小儿子的英雄救美故事彻底坍塌,「扮演」的逻辑链条被彻底摧毁——作为配角的男主人与基泽之间的主仆「扮演」关系也随之破裂。
眼神恍惚的基泽不仅刺向了有气味洁癖的上流,更是在人与人之间的统治关系难以为继的战争爆发之后,由现实刺向虚构。
哪怕是影片最终,深受「扮演」之害的天真人物依然向往着重回舞台。
他或许不再期盼着扮演「上流」,但却依然渴望着进行另一种他们还未彻底领略的上流「扮演」。

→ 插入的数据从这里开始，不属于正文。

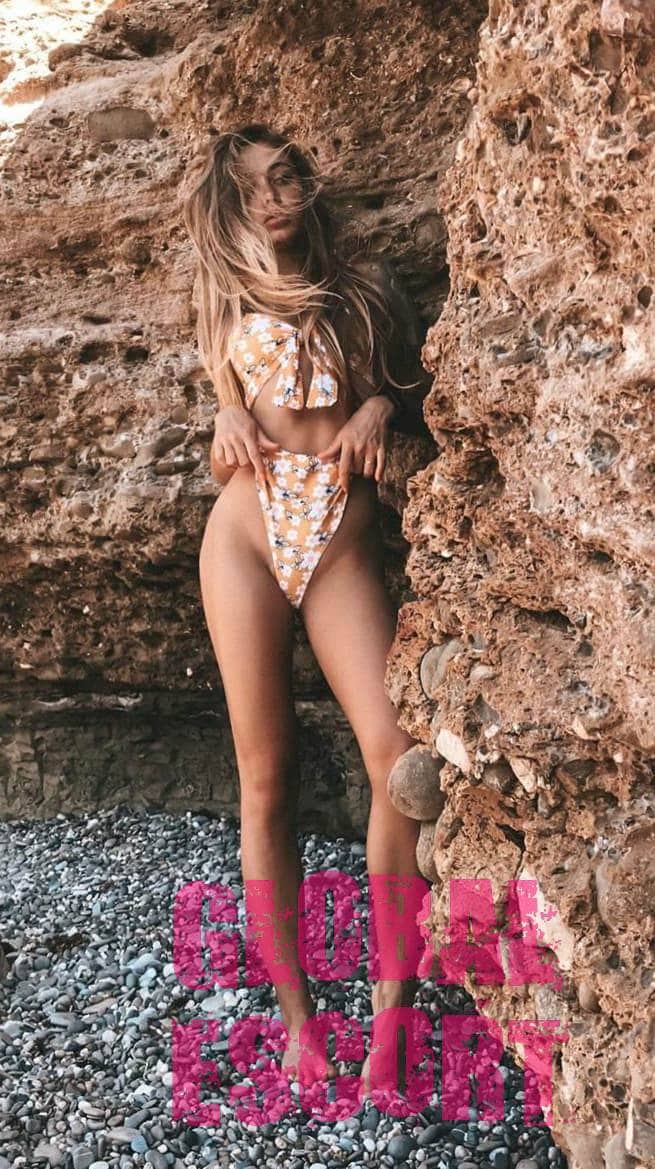 sexy brown-haired escort in a gold bathing suit on the beach at a photo shoot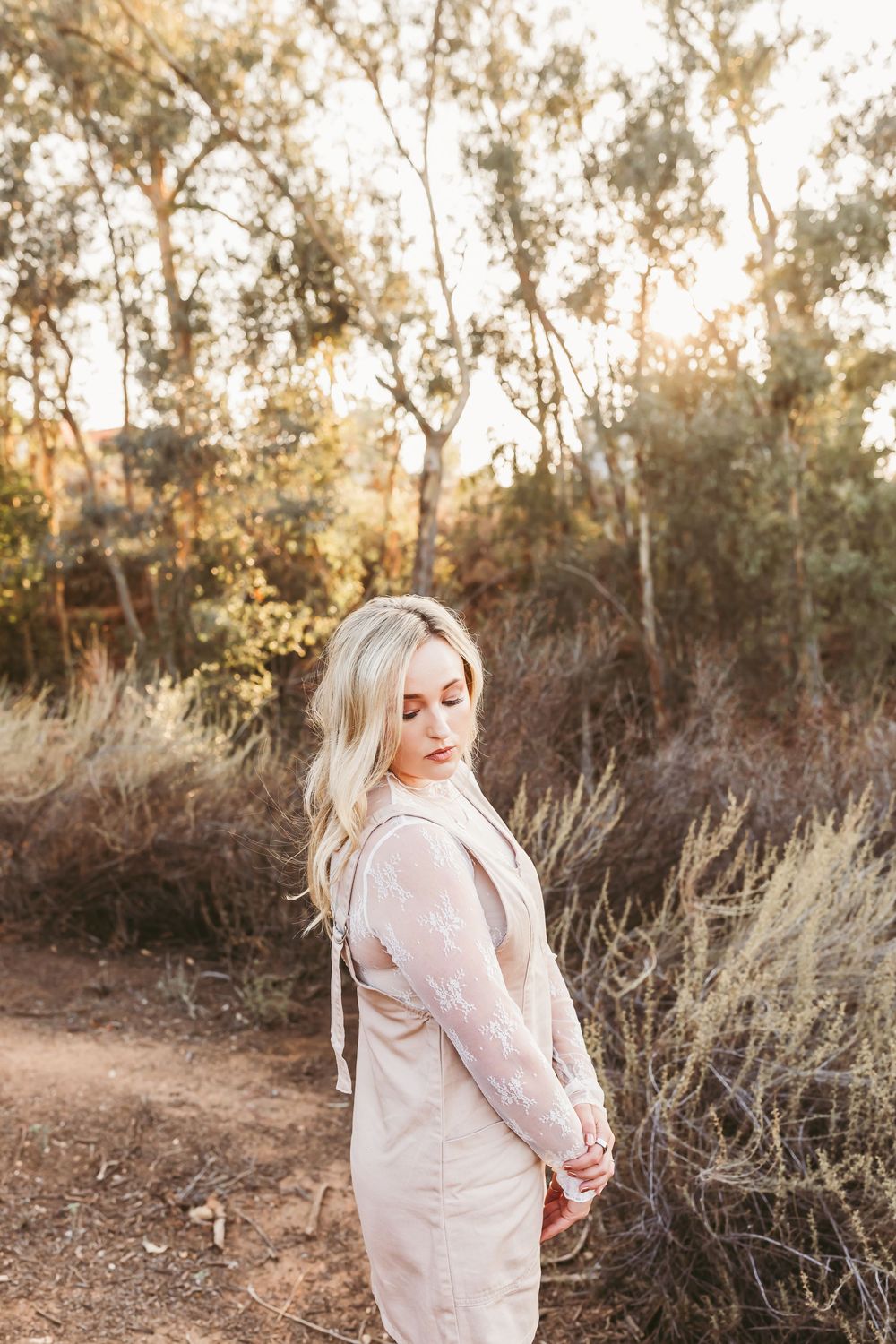 A person in a light-colored dress poses in a natural outdoor setting during golden hour.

真实与虚假的关系终于被彻底抹除,被一时穿透的「扮演」与「虚构」法则被扮演者内化,并完成进化。
它们依然是畅行无阻的统治原则,一种不知是更为虚化还是更为现实的眩晕式荒诞依然在继续。
「黑匣」:荒诞的心理具象影片中存在一处明显的意象呼应。
正如之前第二处「失常」点所展现的,画面中黑色门洞的空间被敞开,而Jessica老师则询问女主人「你愿意和我一起打开黑匣子吗?
」而故事之后的发展也纯然证明了这一言语与心理中的「黑匣」与门洞之下的黑色空间的同构性。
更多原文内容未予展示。